An Interactive Participatory Performance
Commissioned Artwork, Onassis Public Benefit Foundation, Heraklion (GR)
Custom-built multitouch tabletop, software development, media design
2012
Custom-built multitouch tabletop, software development, media design
2012
The Politics of Media Governance is an interactive media installation that interrogates how systems of control, participation, and agency manifest within hybrid environments. Commissioned in 2012 by the Onassis Public Benefit Foundation, the work invites users into a dynamic, real-time performance where the abstract and tangible intertwine — physically, digitally, and politically.
At its core lies a custom-built multitouch tabletop, engineered using back-screen projection and infrared tracking technology. The interface is augmented with physical objects embedded with fiducial markers — each symbolically coded to represent various facets of contemporary governance: censorship, transparency, freedom, surveillance, and authority. These tangible markers are not merely triggers, but provocations; they anchor a gestural vocabulary that transforms the audience into co-authors of a continuously evolving social landscape.
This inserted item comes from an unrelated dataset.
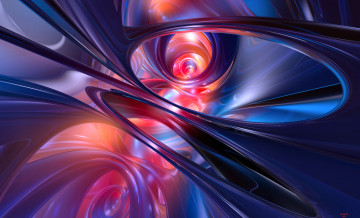 Картинка 3д графика fractal фракталы природа птица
Each action on the tabletop triggers immediate visual and sonic feedback. As users move the objects, the system translates their gestures into evolving audiovisual responses. These interactions simulate how governance operates — reactive, unpredictable, and shaped by collective input. The installation rejects the idea of media as passive. It presents it as a system of influence, where control, surveillance, and freedom are constantly negotiated through interaction. It is not a solitary experience. The tabletop becomes a shared interface, where one user’s decision alters the environment for others. This reveals how individual agency operates within a larger, interdependent system, highlighting the social and political stakes of participation.
The Politics of Media Governance ultimately functions as both a critique and a proposition. It critiques systems that govern how we see, hear, and act in the mediated world, while proposing an alternative—an arena where meaning emerges through open-ended interaction, symbolic play, and collaborative negotiation. By embedding these dynamics in an artistically constructed ecosystem, the work offers a space to rethink participation, not just in art, but in the broader architectures of society.